The top file works by specifying the environment, containing matchers with
lists of Salt states sent to the matching minions:
.. code-block:: yaml
base:
'*':
- salt
- users
- users.admin
'saltmaster.*':
- match: pcre
- salt.master
This simple example uses the base environment, which is built into the default
Salt setup, and then all minions will have the modules salt, users and
users.admin since '*' will match all minions. Then the regular expression
matcher will match all minions' with an id matching saltmaster.* and add the
salt.master state.
Renderer System
---------------
The Renderer system is a key component to the state system. SLS files are
representations of Salt "high data" structures. All Salt cares about when
reading an SLS file is the data structure that is produced from the file.
This allows Salt states to be represented by multiple types of files. The
Renderer system can be used to allow different formats to be used for SLS
files.
The available renderers can be found in the renderers directory in the Salt
source code:
:blob:`salt/renderers`
By default SLS files are rendered using Jinja as a templating engine, and yaml
as the serialization format. Since the rendering system can be extended simply
by adding a new renderer to the renderers directory, it is possible that any
structured file could be used to represent the SLS files.

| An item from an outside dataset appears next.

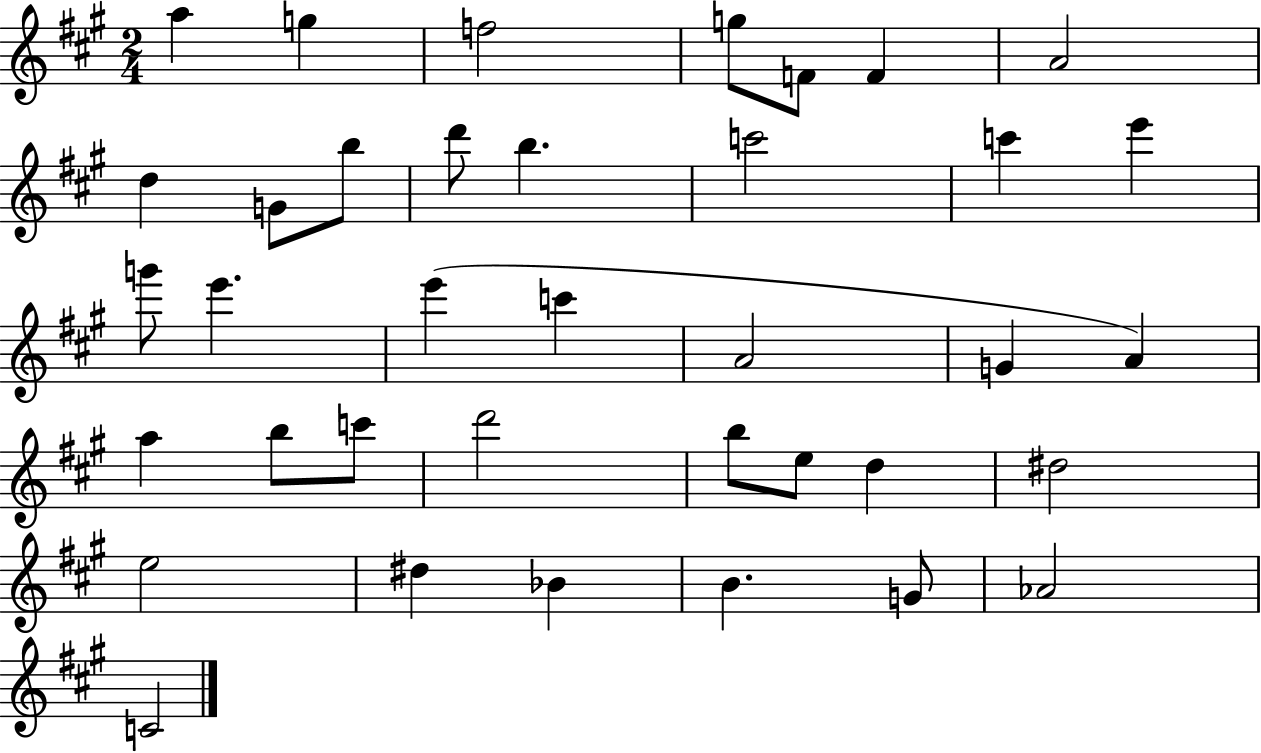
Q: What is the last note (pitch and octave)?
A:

In the future XML will be added, as well as many other formats.
Reloading Modules
-----------------
Some salt states require specific packages to be installed in order for the
module to load, as an example the :mod:`pip <salt.states.pip_state>` state
module requires the `pip`_ package for proper name and version parsing. On
most of the common cases, salt is clever enough to transparently reload the
modules, for example, if you install a package, salt reloads modules because
some other module or state might require just that package which was installed.

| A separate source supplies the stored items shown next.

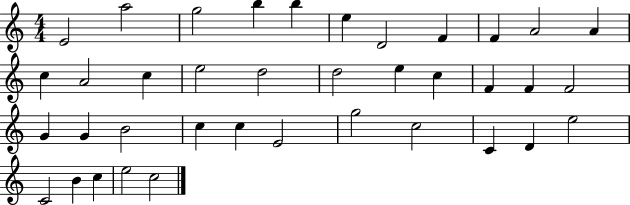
{
  \clef treble
  \numericTimeSignature
  \time 4/4
  \key c \major
  e'2 a''2 | g''2 b''4 b''4 | e''4 d'2 f'4 | f'4 a'2 a'4 | \break c''4 a'2 c''4 | e''2 d''2 | d''2 e''4 c''4 | f'4 f'4 f'2 | \break g'4 g'4 b'2 | c''4 c''4 e'2 | g''2 c''2 | c'4 d'4 e''2 | \break c'2 b'4 c''4 | e''2 c''2 | \bar "|."
}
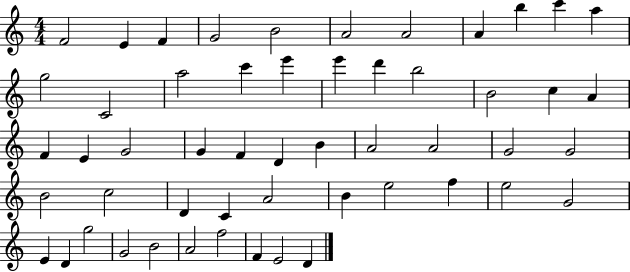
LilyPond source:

{
  \clef treble
  \numericTimeSignature
  \time 4/4
  \key c \major
  f'2 e'4 f'4 | g'2 b'2 | a'2 a'2 | a'4 b''4 c'''4 a''4 | \break g''2 c'2 | a''2 c'''4 e'''4 | e'''4 d'''4 b''2 | b'2 c''4 a'4 | \break f'4 e'4 g'2 | g'4 f'4 d'4 b'4 | a'2 a'2 | g'2 g'2 | \break b'2 c''2 | d'4 c'4 a'2 | b'4 e''2 f''4 | e''2 g'2 | \break e'4 d'4 g''2 | g'2 b'2 | a'2 f''2 | f'4 e'2 d'4 | \break \bar "|."
}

On some edge-cases salt might need to be told to reload the modules. Consider
the following state file which we'll call ``pep8.sls``:
.. code-block:: yaml
python-pip:
cmd:
- run
- cwd: /
- name: easy_install --script-dir=/usr/bin -U pip
pep8:
pip.installed
requires:
- cmd: python-pip
The above example installs `pip`_ using ``easy_install`` from `setuptools`_ and
installs `pep8`_ using :mod:`pip <salt.states.pip_state>`, which, as told
earlier, requires `pip`_ to be installed system-wide. Let's execute this state:
.. code-block:: bash
salt-call state.sls pep8
The execution output would be something like:
.. code-block:: text
----------
State: - pip
Name: pep8
Function: installed
Result: False
Comment: State pip.installed found in sls pep8 is unavailable
Changes:
Summary
------------
Succeeded: 1
Failed: 1
------------
Total: 2
If we executed the state again the output would be:
.. code-block:: text
----------
State: - pip
Name: pep8
Function: installed
Result: True
Comment: Package was successfully installed
Changes: pep8==1.4.6: Installed
Summary
------------
Succeeded: 2
Failed: 0
------------
Total: 2
Since we installed `pip`_ using :mod:`cmd <salt.states.cmd>`, salt has no way
to know that a system-wide package was installed. On the second execution,
since the required `pip`_ package was installed, the state executed perfectly.
To those thinking, could not salt reload modules on every state step since it
already does for some cases? It could, but it should not since it would
greatly slow down state execution.
So how do we solve this *edge-case*? ``reload_modules``!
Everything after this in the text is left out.